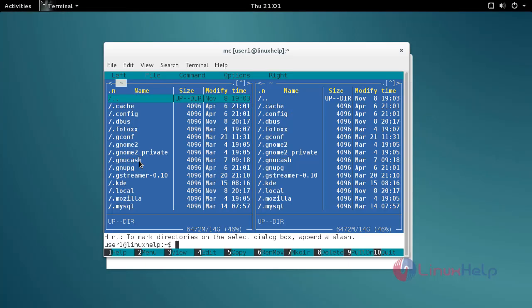Okay, that's it. Midnight Commander is ready to use. I hope this video helped you understand how to install MC on Debian 8.3. Thank you for watching.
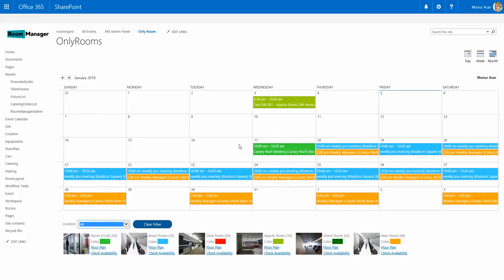Welcome to the Room Manager for Office 365 presentation. This Room Manager solution runs specifically on your Office 365 site.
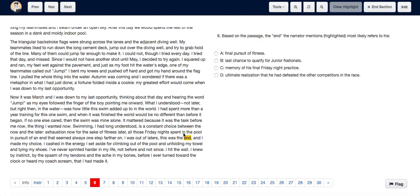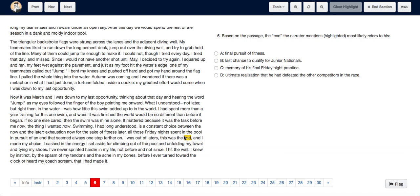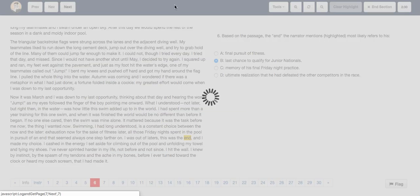So, over here, when he says I knew this was the end, and then he goes ahead to use all his energy to try to win the meet, it's very clear that by end over here, he means that it was his last chance to qualify for the junior nationals. And he knew that since it was his final chance, he had to make use of all his energy and he had to try his hardest. And hence, we choose option B, last chance to qualify for junior nationals.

● **WHAT IS BEING ASKED**
Your copy should hold only the lines from the one containing "Welcome to the" through the last line of the listing, both included, retyped exactly and free of pictures.

● **EXERCISE RESULT**
Welcome to the Room Manager for Office 365 presentation. This Room Manager solution runs specifically on your Office 365 site.
So, over here, when he says I knew this was the end, and then he goes ahead to use all his energy to try to win the meet, it's very clear that by end over here, he means that it was his last chance to qualify for the junior nationals. And he knew that since it was his final chance, he had to make use of all his energy and he had to try his hardest. And hence, we choose option B, last chance to qualify for junior nationals.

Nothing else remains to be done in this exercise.